I usually reserve Fridays for fiction writing. Armed with a writing prompt provided by WordPress blogger, SidevieW, I’ve spent the past month generating Friday’s fiction based on her theme. Today’s theme “DOING IT RIGHT” has less of fiction feel… Here goes…
Towel Wars
My mother has ONE way to fold a towel. The right way.
- Lay the towel on a flat surface
- fold the width of the towel in thirds
- then fold it in half length wise
- and fold in half again.
It makes for a nice compact square of towel-ly goodness.
Martha Steward folds her towels that way. So does Oprah. But, let me be clear… my mom did it first. (Maybe not first in the whole world, but before these two gals became daytime goddesses.)
Necessity being the mother of invention, mom came up with that method so they’d fit nicely into our linen closet. In fact, on laundry day, after the towels had been washed, line dried and folded (properly) and the linen closet reloaded to its towel storage capacity you couldn’t get anything else in there.
My mom must have had an innate sense of towel geometry. Her towel-to-linen closet ratio was absolutely pitch perfect.
The towels were so compactly and precisely placed in that closet that the first person to take a bath was in serious danger or toppling the whole works if they pulled out the top towel too gingerly.
And if the towel had been folded the wrong way, or had been placed in the closet askew… it just would not have worked. They wouldn’t have fit. That’s because there’s a right way of doing something and a wrong way of doing it.
We tried to rebel of course. As we came into our teen years we JUST KNEW that mom’s insistence that we fold the towels “in thirds and in thirds again” was just some 1950’s drivel — like dressing up and fixing your hair to go food shopping.
We tried:
- folding them in half and then in half again (too wide and too flat).
- foldeing in half (short side) and rolling. (too long).
- kind of folding them and stuffing them in (known as the “brother special” — on the rare occasion that he did it at all — (um no.)
No, no. No. NO. Any job worth doing is worth doing right. So you might as well do it right the first time… because mom is only going to make you do it again… the right way.
When my parents downsized from our family home and looked for a condo I don’t think my mom took a folded towel with her on the real estate showings. But I’m pretty sure she had that inner towel calculator going in her head.

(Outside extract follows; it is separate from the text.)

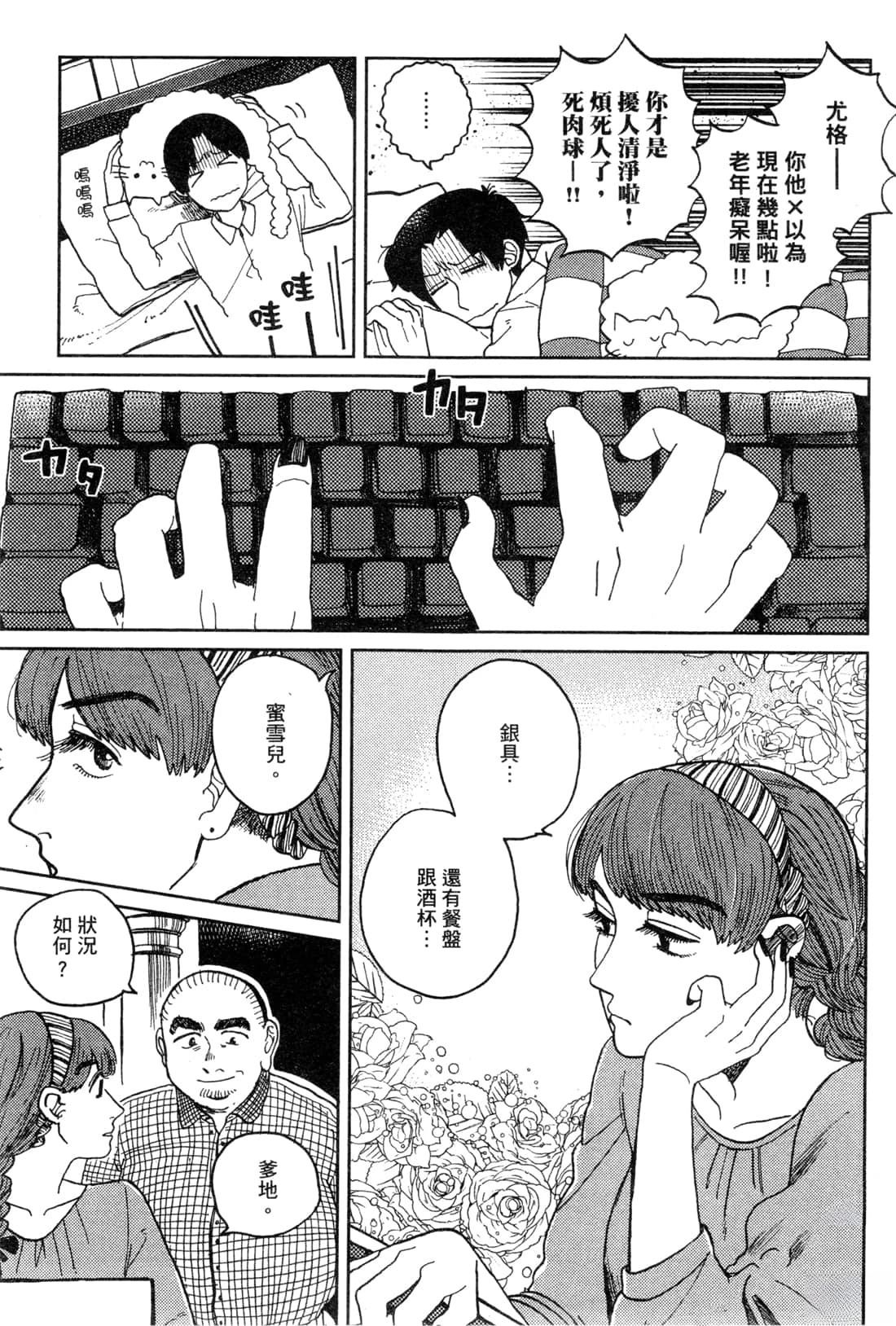 Artiste 料理艺术之路 第2卷 第162页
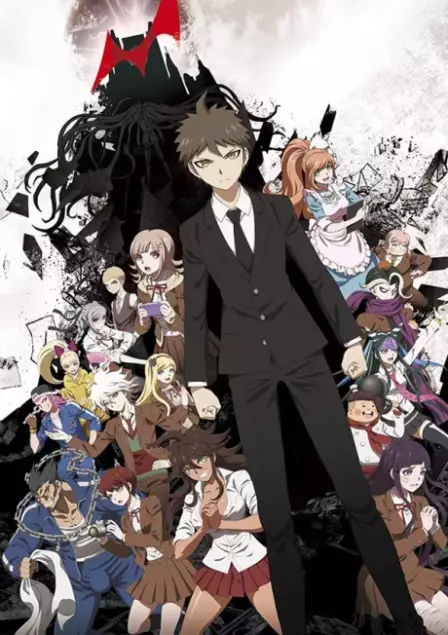 Danganronpa 3: The End of Kibougamine Gakuen - Zetsubou-hen English Subbed poster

A condo without a proper linen closet wasn’t going to pass muster.
Perhaps it is my rebellious nature, my sheer laziness, or the configuration of our towel storage area but I do not use the 3 x 3 folding method mom favored. I fold my towels in half lengthwise, give them a 90 degree turn, fold in half again, then starting at the bound side (not the fold side) roll them tightly.
Crazy, I know, but it works. And, for us it’s just the right way of doing it.
Here’s an alarmingly loud video from “Ask the Decorator” that shows three ways to fold towels.
Related articles
- Towel and Sheet Folding 101: Get It Right the First Time (blackamericaweb.com)
- Linen Closet of Doom (tnsoutherncharm.wordpress.com)
- Quick Tips for Organizing Bathrooms (hardwarebajaar.wordpress.com)
June 28th, 2013 at 10:43 pm
Women after my own heart. I have tried to fold things “differently” … You know towels, sheets, etc. but there is only one right way. Otherwise it is pure bedlam. Thanks for being part of the OCD crowd!
June 28th, 2013 at 10:46 pm
I was really feeling free-spirited and hippie until I wrote the part at the end… where some one could come to my house and roll them fold side in. And seriously! That just makes me feel all icky inside. Oh, dear.
June 29th, 2013 at 7:08 am
groan,family use the rolling method. n\but when i look in my linen cupboard the bottom towels are folded flat, the one side is sort of your brother’s method and some are rolled. I guess I am trying to agree with everyone
June 29th, 2013 at 11:42 am
Sidey– ahhh… Here’s to the diversity of toweldom!
June 29th, 2013 at 11:57 am
Your Mother’s method sounds very similar to what I was taught in Boot Camp – a method I still follow. Since space aboard a Navy Warship is extremely limited (and much more so for low ranking sailors) we were taught to fold our uniforms, underwear, socks and towels into precise packages. Nearly half a century later I still do it that way – old habits die hard. The time I spend doing it drives my wife a little nutty, as she believes in spending the minimal amount of time necessary to put everything away. Thanks for posting this; it’s shown me that I’m not the only one who feels it’s necessary to stow everything correctly, regardless of which methodology you choose to use!
June 29th, 2013 at 2:30 pm
Yep. Although mom wasn’t in the Navy (both her brothers were) she did run a tight ship. Thanks for your comment…and for your service!
June 29th, 2013 at 10:49 pm
“When you are at my house… you do it my way . … When you have your own house you can do it your way.”